Welche Kriterien werden zur Abgrenzung von Arbeitnehmern und Selbstständigen betrachtet?
Die Arbeit untersucht verschiedene Kriterien, insbesondere die Weisungsgebundenheit und die Entgeltlichkeit. Sie analysiert, wie diese Kriterien in der Rechtsprechung des EuGH und des BAG angewendet werden und welche Unterschiede es gibt.
Welche Rolle spielt die Rechtsprechung des EuGH und des BAG?
Die Rechtsprechung des EuGH und des BAG spielt eine zentrale Rolle in der Arbeit.
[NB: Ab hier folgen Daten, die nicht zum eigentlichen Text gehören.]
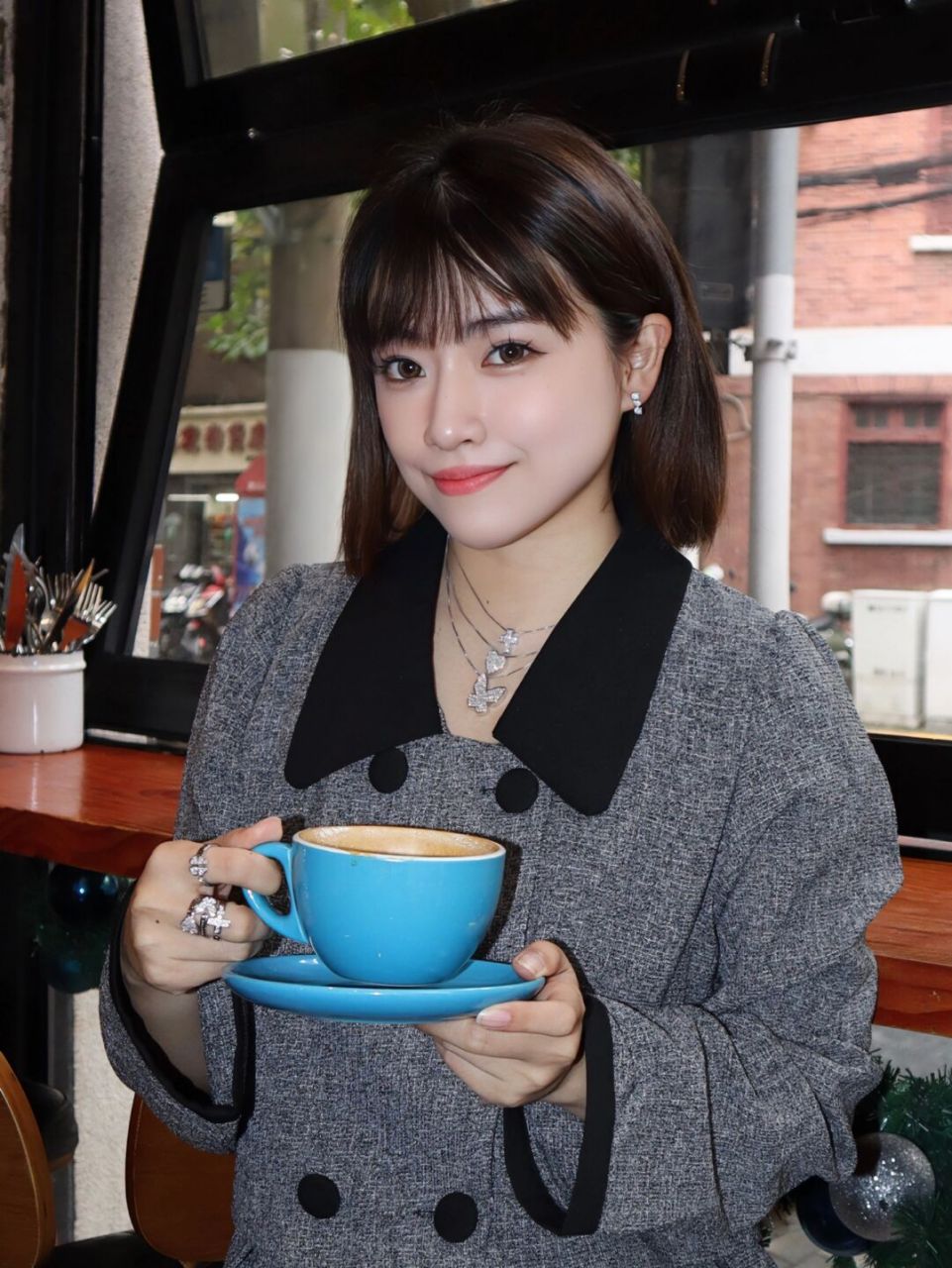 冬天迈着悄无声息的步伐来啦 	 96salvini飒薇 91 小谷粒女装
Die Arbeit analysiert und bewertet die Entscheidungen beider Gerichte zum Arbeitnehmerbegriff und untersucht deren Auswirkungen auf die Praxis.
Welche Schlussfolgerungen zieht die Arbeit hinsichtlich einer Vereinheitlichung des Arbeitnehmerbegriffs?
Die Arbeit untersucht die Herausforderungen und Möglichkeiten einer Harmonisierung des Arbeitnehmerbegriffs auf EU-Ebene. Die konkreten Schlussfolgerungen sind im letzten Teil der Arbeit zu finden, der die Ergebnisse der vergleichenden Analyse zusammenfasst und bewertet.
Welche Schlüsselbegriffe sind für das Verständnis der Arbeit relevant?
Wichtige Schlüsselbegriffe sind Arbeitnehmerbegriff, Europäisches Arbeitsrecht, Deutsches Arbeitsrecht, Freizügigkeitsrecht, Art. 141 EG, Art. 137 EG, Arbeitsschutzrecht, Weisungsgebundenheit, Entgeltlichkeit, Rechtsprechung EuGH, Rechtsprechung BAG, Selbstständige, Harmonisierung und EU-Recht.